▶ **EXERCISE DESCRIPTION**
Your reply should be the whole listing, copied exactly, with the pictures left out.

*** DATA PROVIDED Section Begins ***

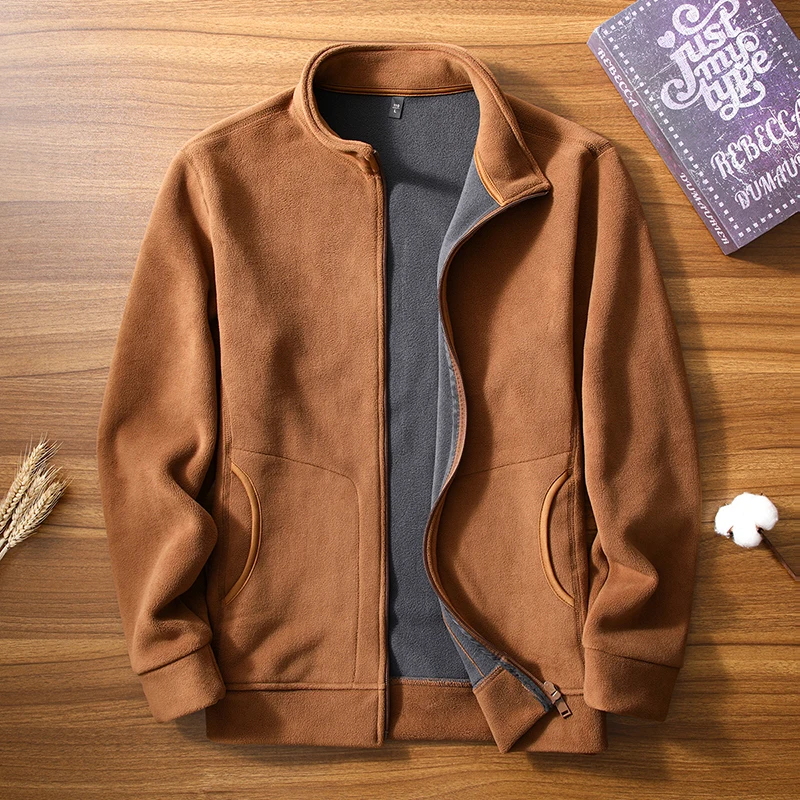 

High-quality, fashionable and stylish solid-color casual woolen fleece jacket with fleece is a versatile and casual style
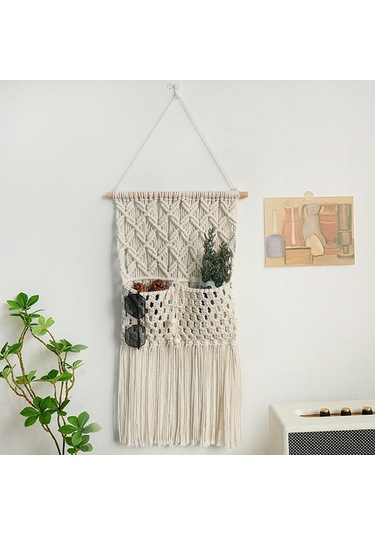 Suntek Makrome Duvar Asılı Goblen Boho Dekor Saklama Çantası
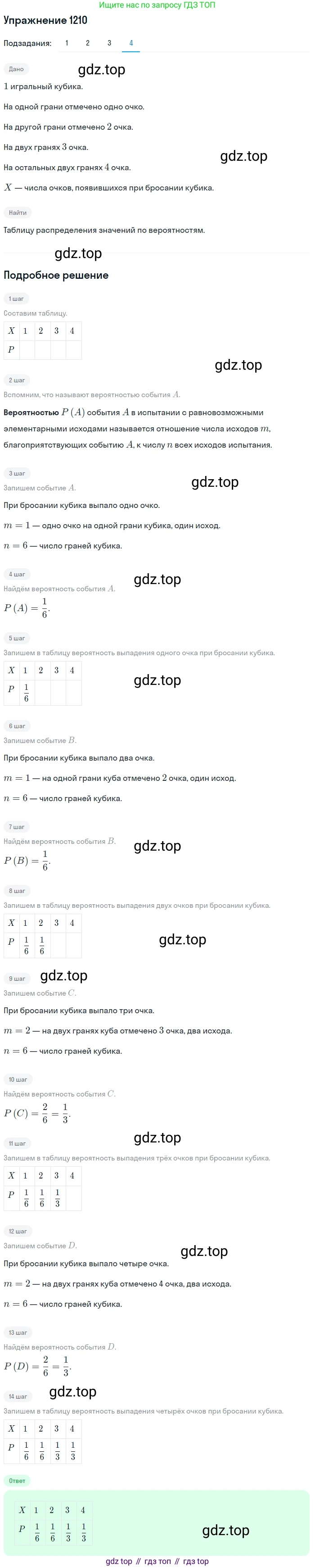 Алгебра, 10-11 класс Учебник, авторы: Алимов Шавкат Арифджанович, Колягин Юрий Михайлович, Ткачева Мария Владимировна, Федорова Надежда Евгеньевна, Шабунин Михаил Иванович, издательство Просвещение, Москва, 2014, страница 383, номер 1210, Решение 1 (продолжение 4)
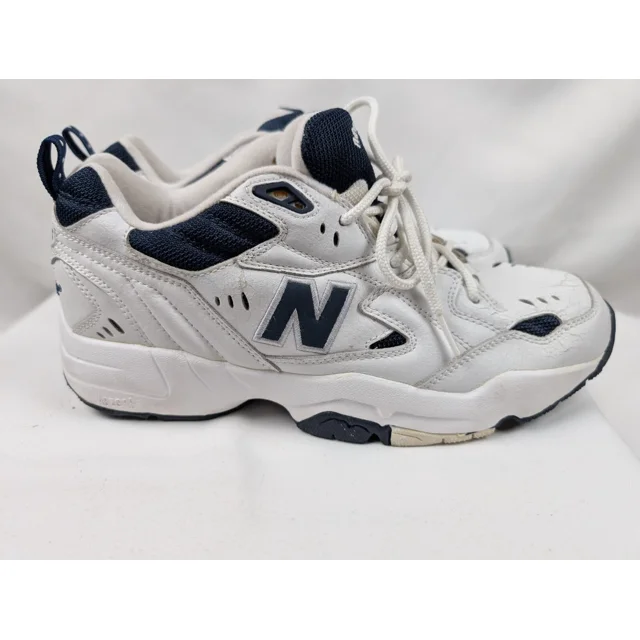 New Balance 608 Men's US 11.5 Trainer Shoes White Navy Leather Athletic Sneakers
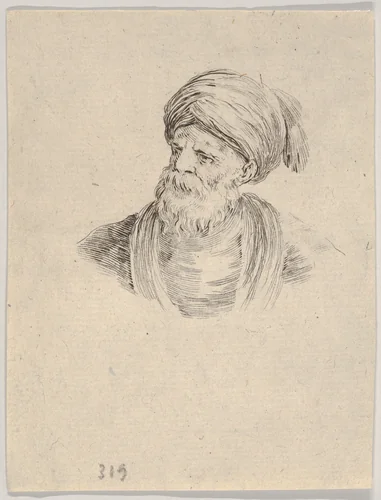 Plate 12: Bust of an old Turkish man in a turban, looking towards the left, from "Various heads and figures" (Diverses têtes et figures) by Stefano della Bella, print, 1650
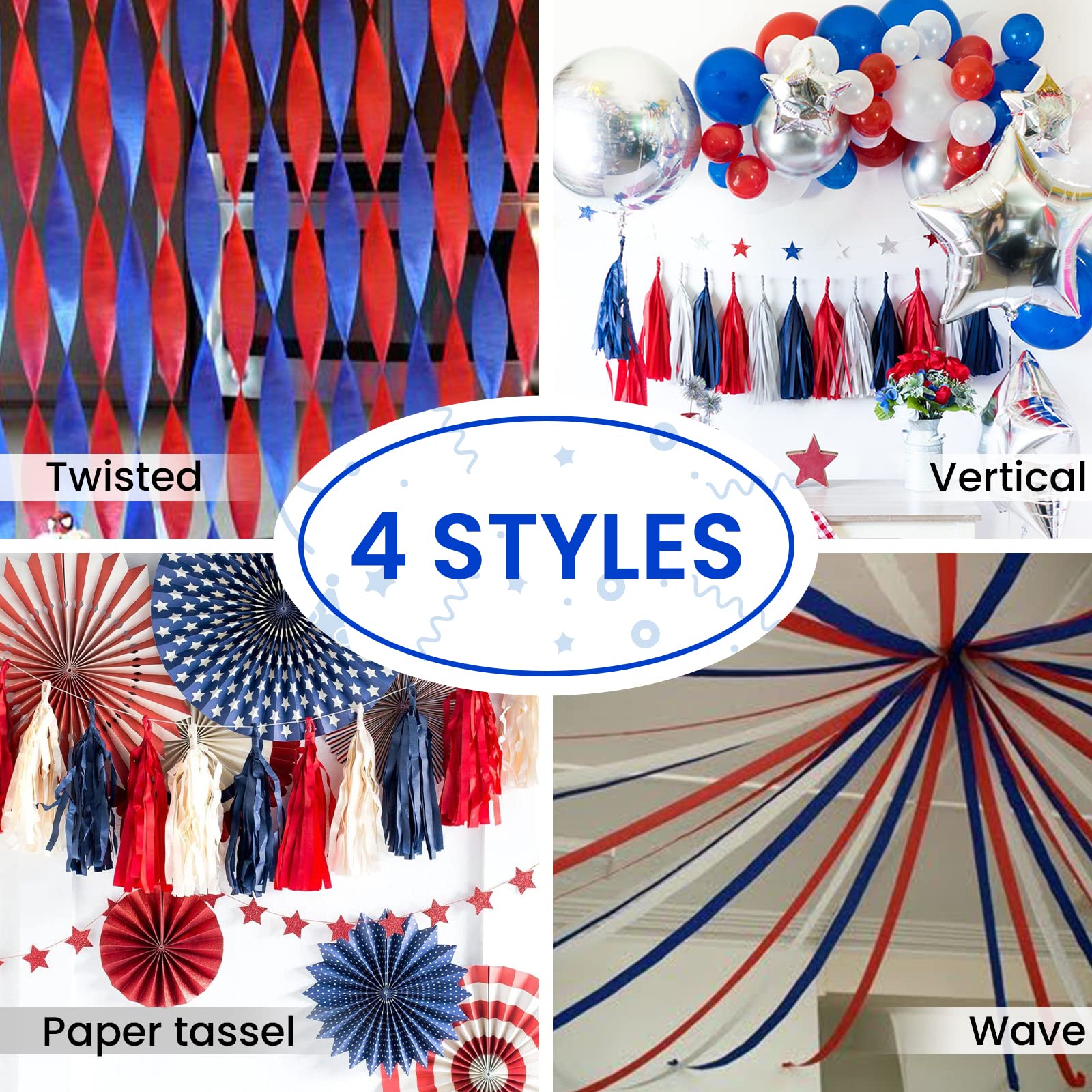 PartyWoo Crepe Paper Streamers - 6 Rolls (492ft Total) - Royal Blue, Red, White & Silver Decorative Streamers for 4th of July, USA Themed Parties, Patriotic Decorations, Birthday Celebrations & Home Decor (1.8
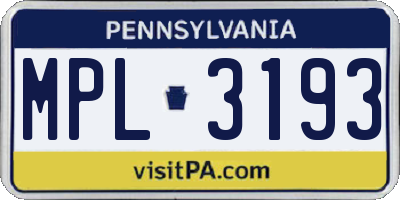 PA license plate MPL3193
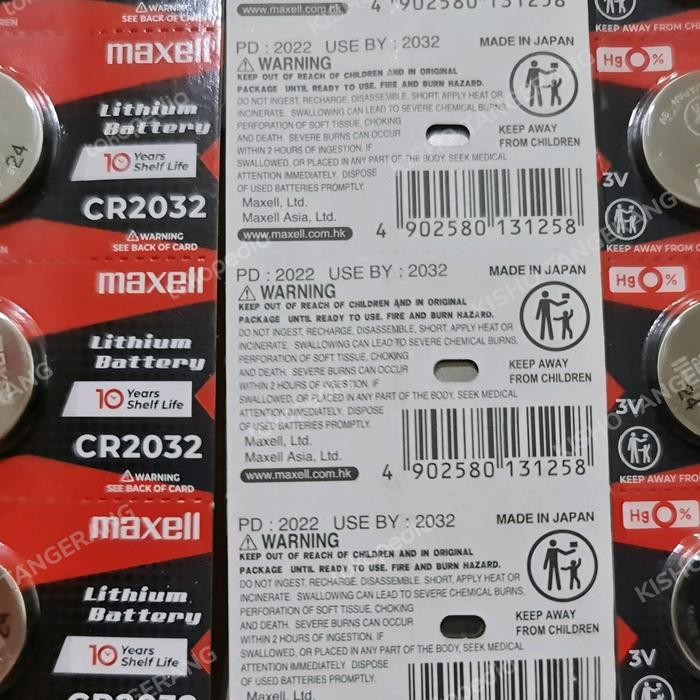 (Good) Baterai 3V Maxell CR2032 CR 2032 Original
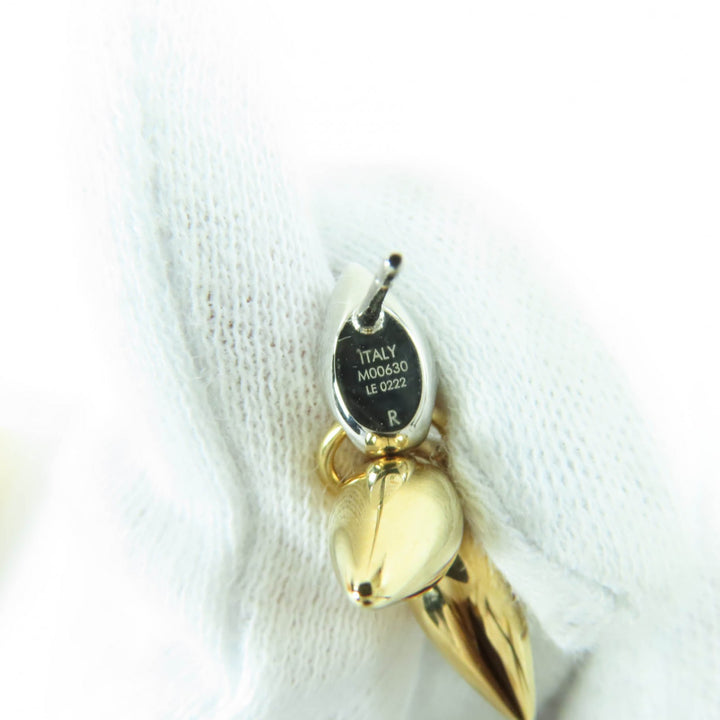 Excellent LOUIS VUITTON Pierce Bookle Dreille Louisette Pandan gold M00630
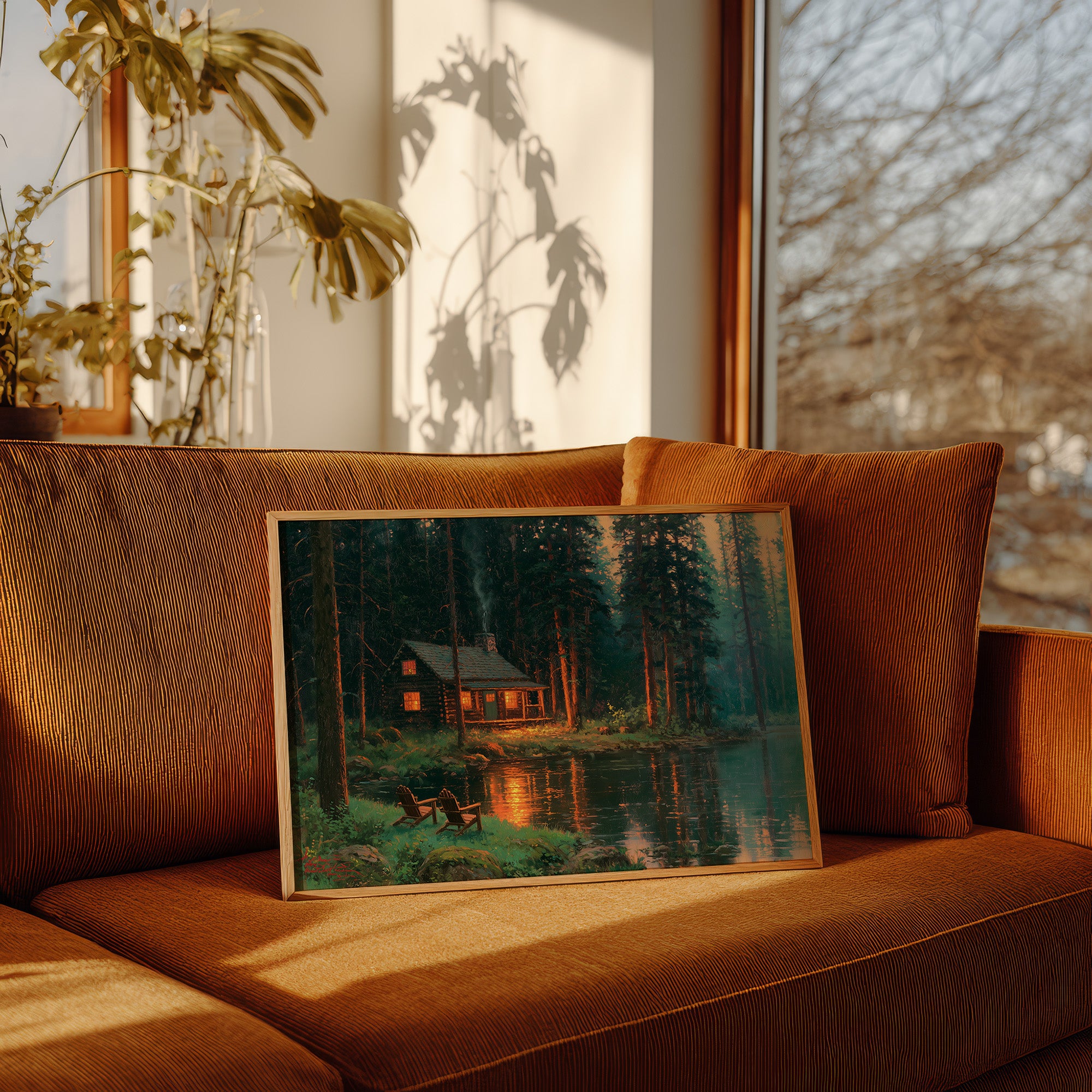 Cabin Glow, Two Empty Chairs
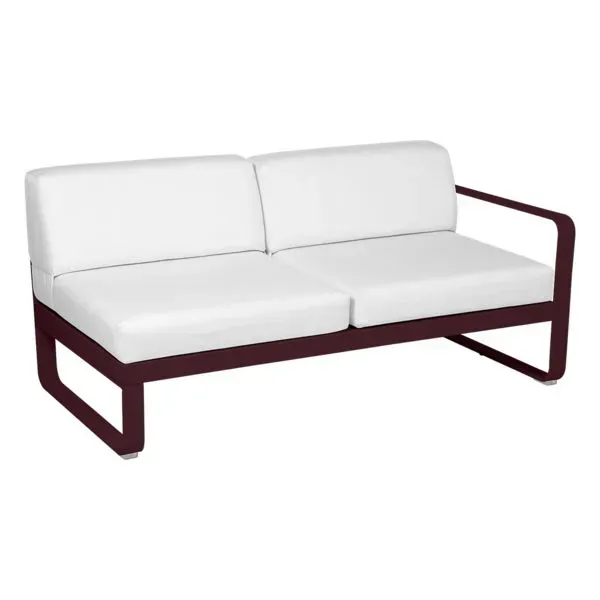 Fermob Canapé 2 places modulable droite BELLEVIE - B9 cerise noire - blanc grisé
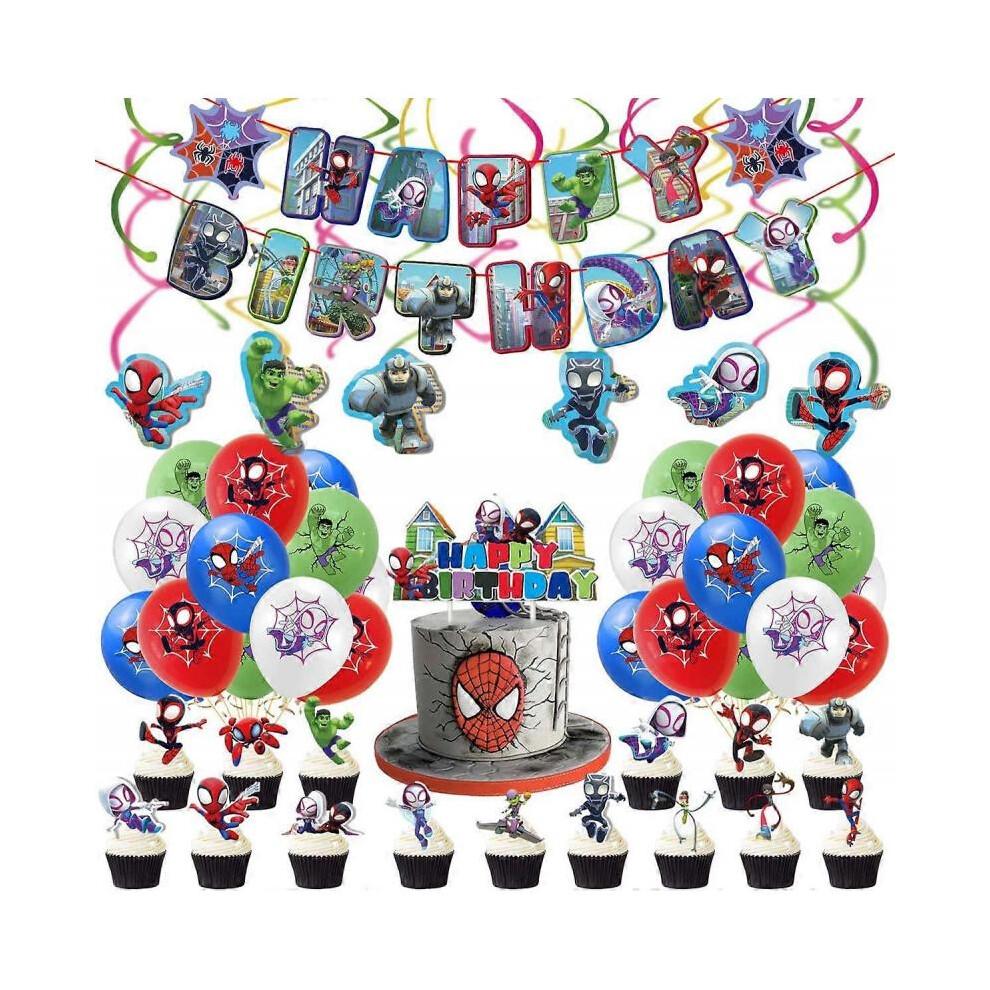 Spidey and His Amazing Friends Party Supplies Decorations Favors,Spidey Happy Birthday Party Supplies Include Banner, Ballon, Cake Topper and Cupcake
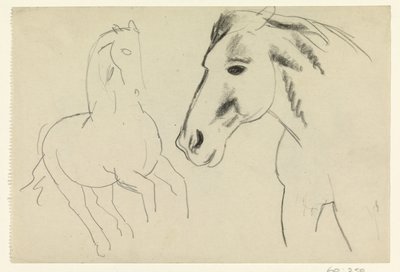 Cválající kůň a koňská hlava od Leo Gestel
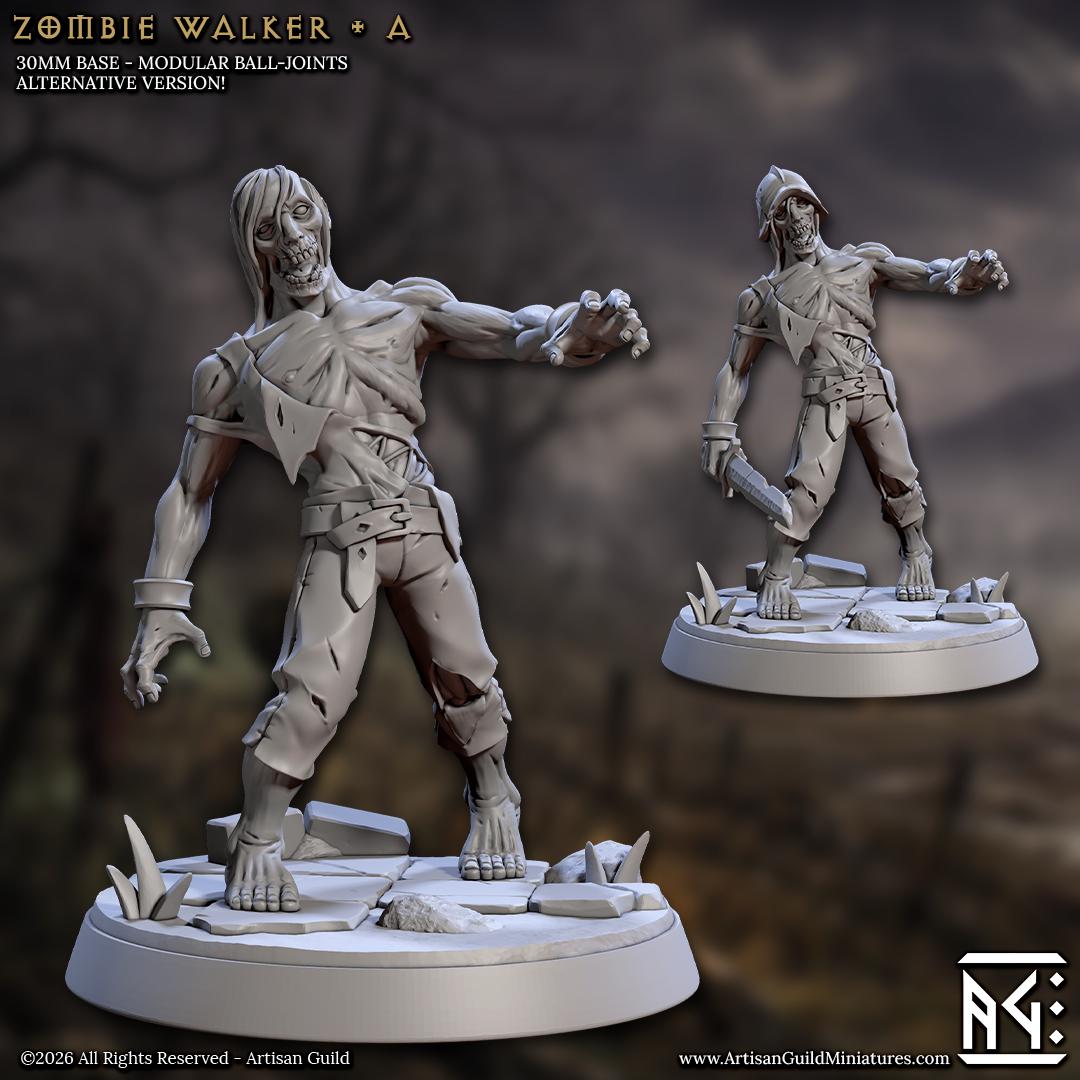 Zombie Walker, Pose A - Unpainted Miniature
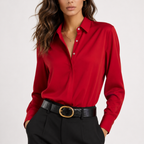 Women’s Button Up Shirt – Loose Fit Solid Colour Lapel Shirt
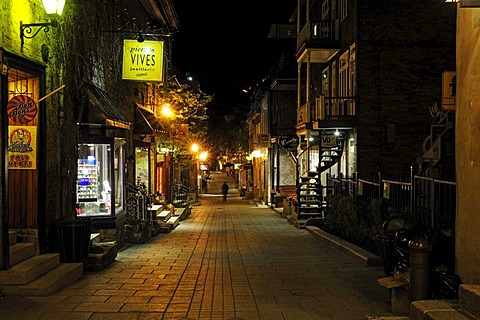 The Rue Champlain crosses the historic old town of Quebec City, Quebec, Canada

*** DATA PROVIDED Section Ends ***

▶ **ANSWER TO THIS TASK**
High-quality, fashionable and stylish solid-color casual woolen fleece jacket with fleece is a versatile and casual style
 Suntek Makrome Duvar Asılı Goblen Boho Dekor Saklama Çantası
 Алгебра, 10-11 класс Учебник, авторы: Алимов Шавкат Арифджанович, Колягин Юрий Михайлович, Ткачева Мария Владимировна, Федорова Надежда Евгеньевна, Шабунин Михаил Иванович, издательство Просвещение, Москва, 2014, страница 383, номер 1210, Решение 1 (продолжение 4)
 New Balance 608 Men's US 11.5 Trainer Shoes White Navy Leather Athletic Sneakers
 Plate 12: Bust of an old Turkish man in a turban, looking towards the left, from "Various heads and figures" (Diverses têtes et figures) by Stefano della Bella, print, 1650
 PartyWoo Crepe Paper Streamers - 6 Rolls (492ft Total) - Royal Blue, Red, White & Silver Decorative Streamers for 4th of July, USA Themed Parties, Patriotic Decorations, Birthday Celebrations & Home Decor (1.8
 PA license plate MPL3193
 (Good) Baterai 3V Maxell CR2032 CR 2032 Original
 Excellent LOUIS VUITTON Pierce Bookle Dreille Louisette Pandan gold M00630
 Cabin Glow, Two Empty Chairs
 Fermob Canapé 2 places modulable droite BELLEVIE - B9 cerise noire - blanc grisé
 Spidey and His Amazing Friends Party Supplies Decorations Favors,Spidey Happy Birthday Party Supplies Include Banner, Ballon, Cake Topper and Cupcake
 Cválající kůň a koňská hlava od Leo Gestel
 Zombie Walker, Pose A - Unpainted Miniature
 Women’s Button Up Shirt – Loose Fit Solid Colour Lapel Shirt
 The Rue Champlain crosses the historic old town of Quebec City, Quebec, Canada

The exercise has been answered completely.